I am also wodering about the ethical issues associated with all of this. If Ford puts a car on the road that they know is insecure and an accident happens, they have liability. If I drive a car knowing that it is unsafe, I have liability. If the state allows a road to go unrepaired, they have liability. Isn't the same thing true for a software product? In today's world, in this litigious society, isn't M$ opening themselves up to a great deal of liability when their software is a swiss cheese of vunerabilities?
Great. I'll let you spend the 6 months it'll take to teach my mom what an "extension" is, what it means, why she should care, and then the differences with all of the nitty gritty details (why the same files have different extensions (htm, html, shtml, etc), why pictures have different extensions (jpg, jpeg, gif, tiff, tif) and so on.
Fact of the matter is extensions shouldn't matter -- they're just a legacy artifact of 8.3 filenames and commandline interfaces.
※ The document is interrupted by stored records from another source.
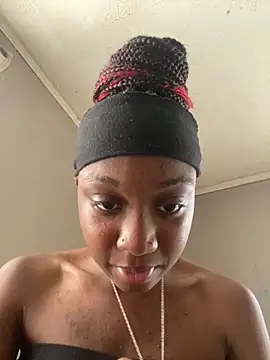 HennessyBaby21 tits and ass show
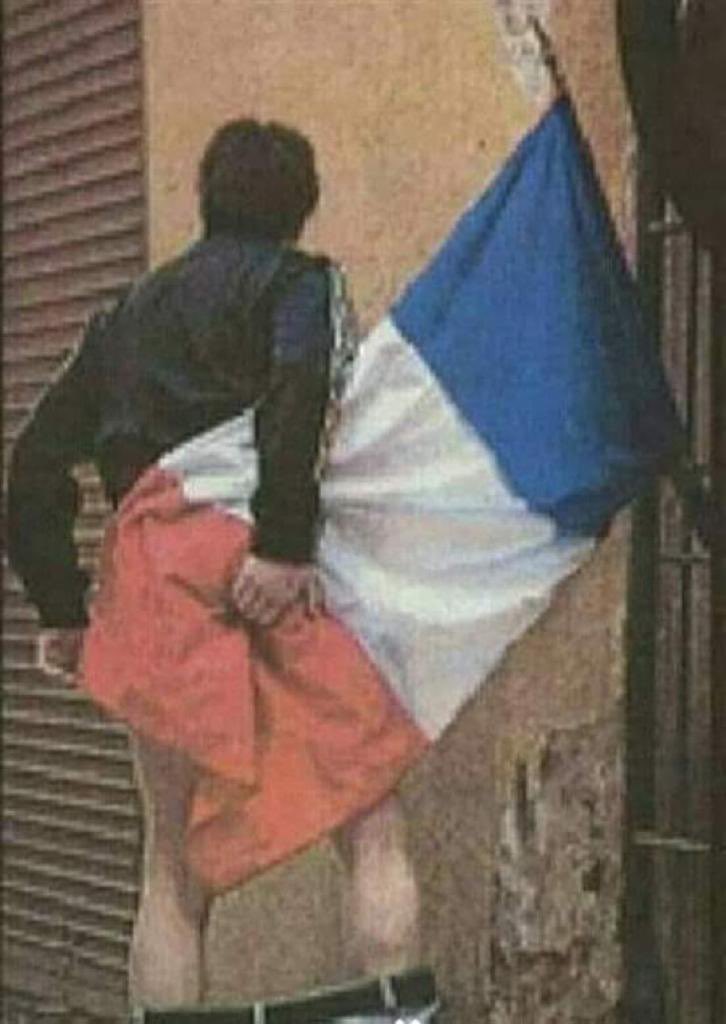 9iau2vZyVKgFuu5's tweet photo. @EmmanuelMacron 😂😂😂 https://t.co/hKXJrAdOGX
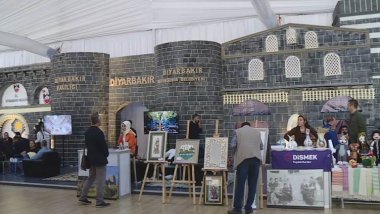 Li Stenbolê çalakiyên ‘Rojên Amedê’ hatin sazkirin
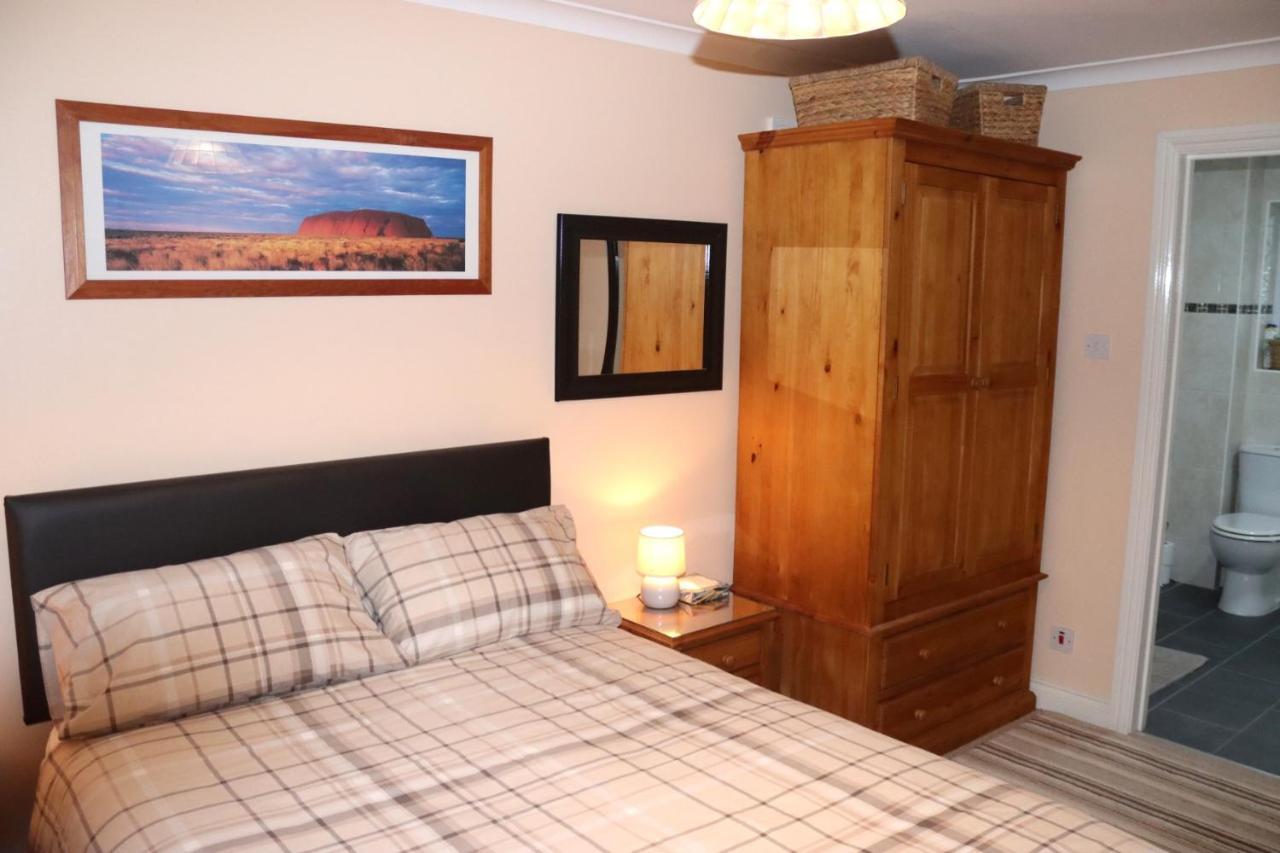 Bed and Breakfast Highworth House Свіндон Екстер'єр фото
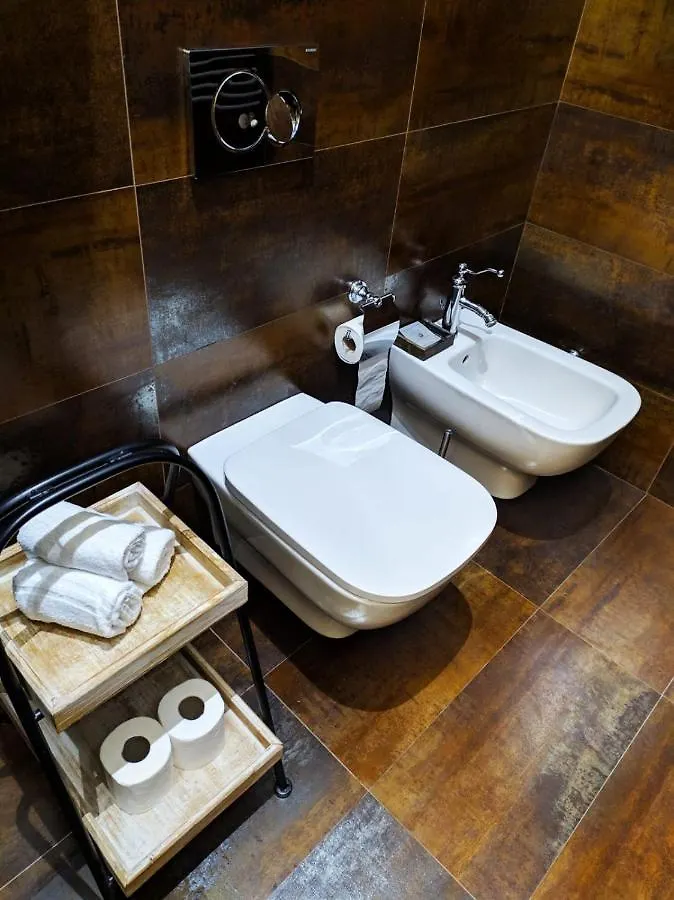 Apartment Beautiful Basement-Tony Appartment-In The Heart Of Milan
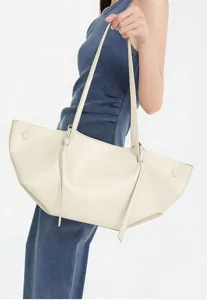 Detailansicht einer großen minimalistischen Ledertote Bag, ideal für tägliches Pendeln.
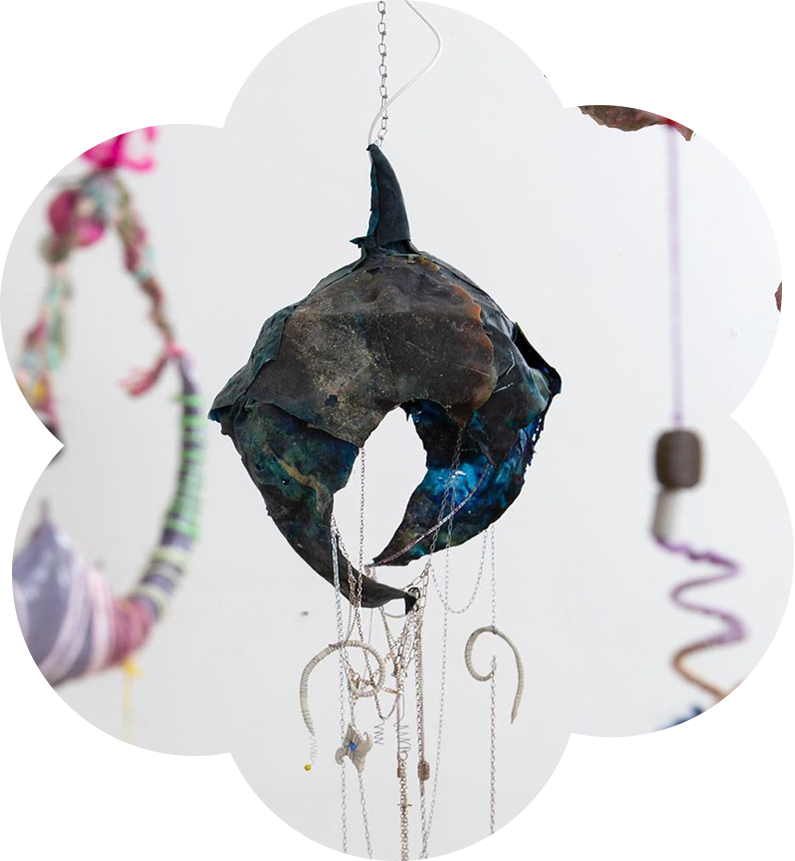 𝓦𝓪𝓴𝓮 𝓤𝓹 𝓦𝓲𝓽𝓱 𝓜𝓮, 𝓘𝓽 𝓖𝓮𝓽𝓼 𝓛𝓸𝓷𝓮𝓵𝔂 𝓦𝓱𝓲𝓵𝓮 𝓨𝓸𝓾’𝓻𝓮 𝓢𝓵𝓮𝓮𝓹𝓲𝓷𝓰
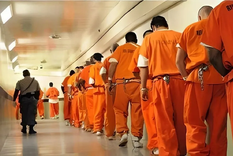 crocs y uniforme naranja: por que quieren que los presos se vistan como en ee.uu.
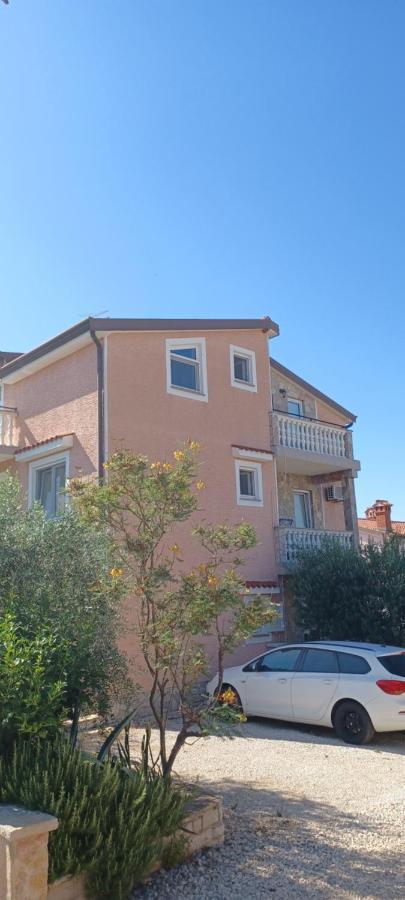 Apartments Vesna Nova Vas  Buitenkant foto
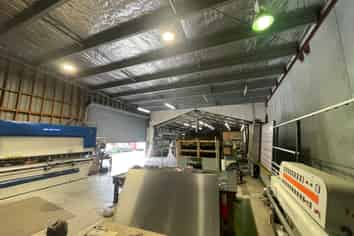 Central New Lynn Industrial - For Lease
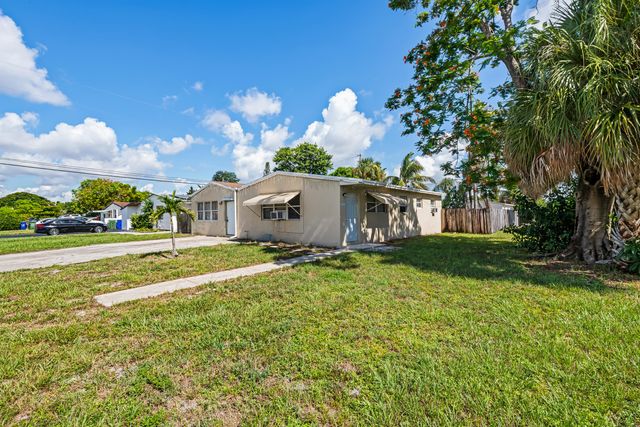 6103 SW 2ND Street, Margate, FL 33068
Macs have worked just fine without them for years. Unix system use a hodgepodge of extensions, mainly to represent what content a file contains to a person on the commandline (the same effect is derrived by giving files icons in a GUI). On a unix system I could have a file named foo.jpg -- doesn't mean it's a jpg. In fact, it could contain a binary and could be executed if the right bits were set on the filename. Depending on a file extension to convey an accurate representation of it's contents is just asking for trouble.